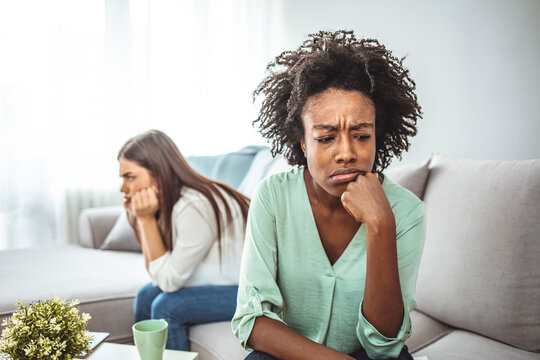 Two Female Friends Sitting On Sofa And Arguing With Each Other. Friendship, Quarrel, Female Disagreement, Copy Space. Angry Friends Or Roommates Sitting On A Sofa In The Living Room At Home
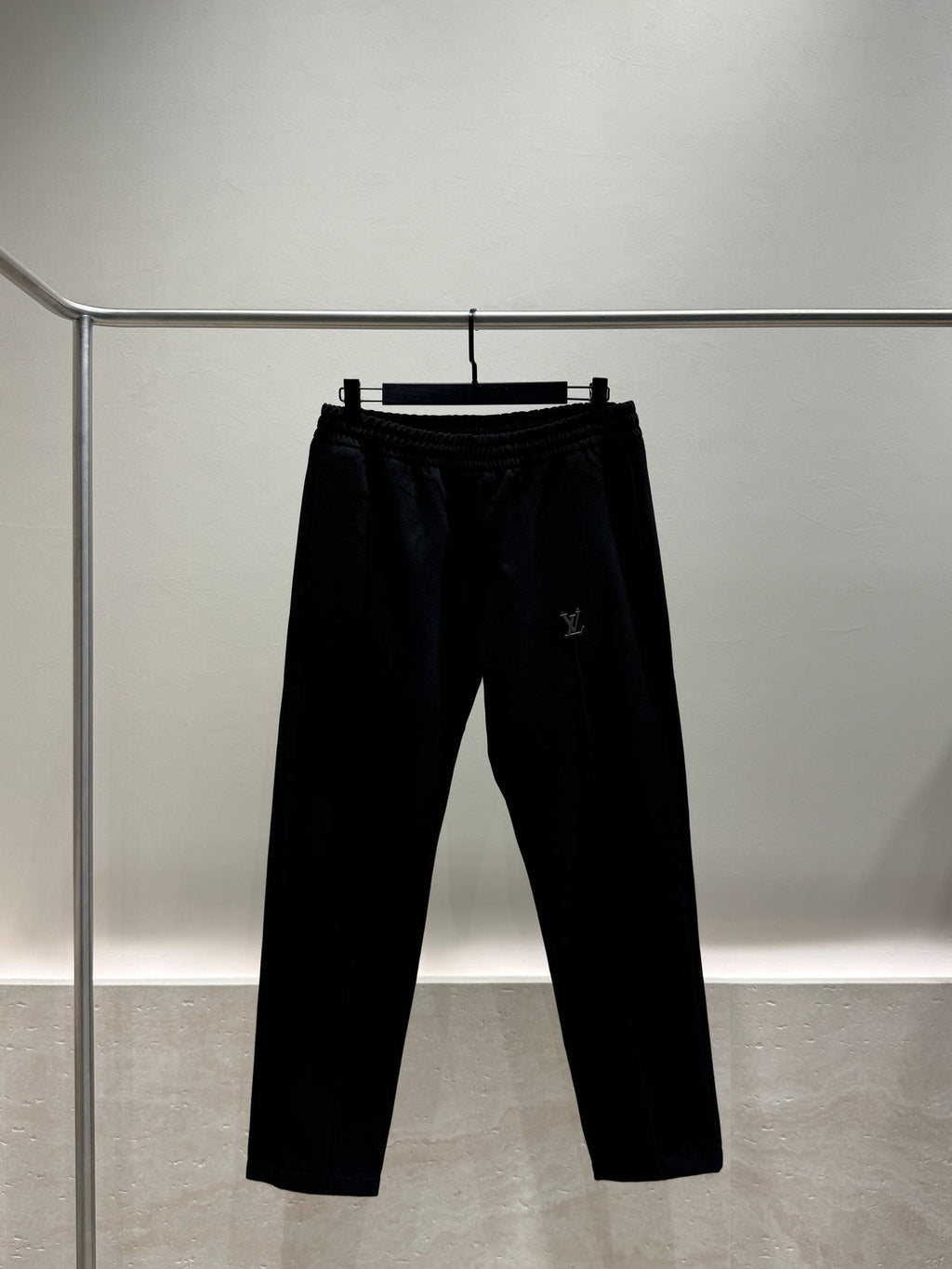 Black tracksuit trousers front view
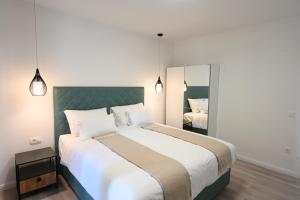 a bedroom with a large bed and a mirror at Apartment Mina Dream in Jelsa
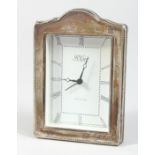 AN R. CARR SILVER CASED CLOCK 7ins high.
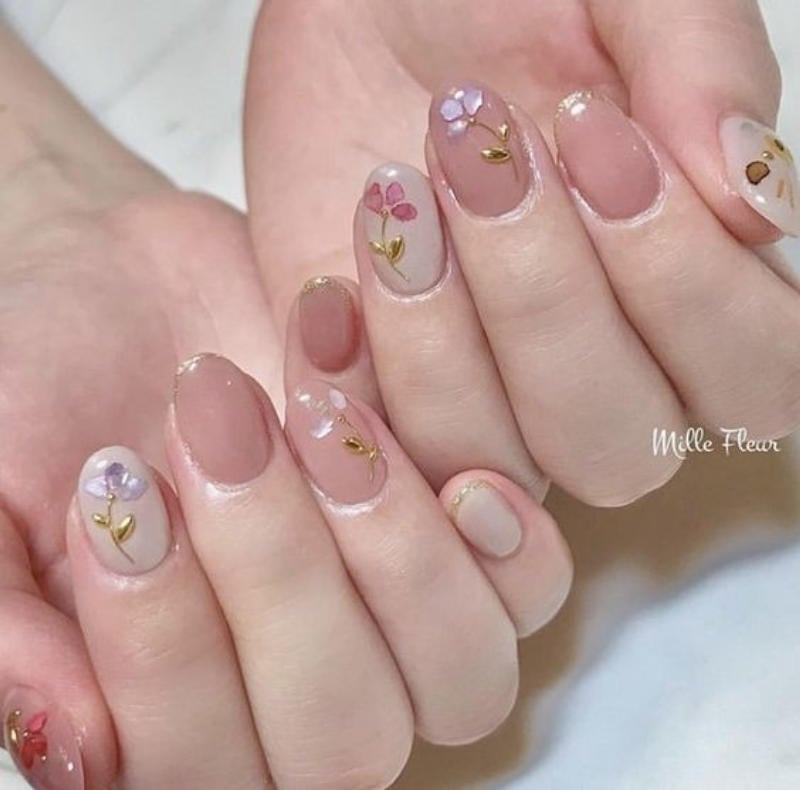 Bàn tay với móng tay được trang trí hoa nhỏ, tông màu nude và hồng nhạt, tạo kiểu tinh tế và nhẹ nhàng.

########

▶ [Problem statement] Strip the images and reproduce the remaining records precisely.

▶ [Worked solution]
 Two Female Friends Sitting On Sofa And Arguing With Each Other. Friendship, Quarrel, Female Disagreement, Copy Space. Angry Friends Or Roommates Sitting On A Sofa In The Living Room At Home
 Black tracksuit trousers front view
 a bedroom with a large bed and a mirror at Apartment Mina Dream in Jelsa
 AN R. CARR SILVER CASED CLOCK 7ins high.
 Bàn tay với móng tay được trang trí hoa nhỏ, tông màu nude và hồng nhạt, tạo kiểu tinh tế và nhẹ nhàng.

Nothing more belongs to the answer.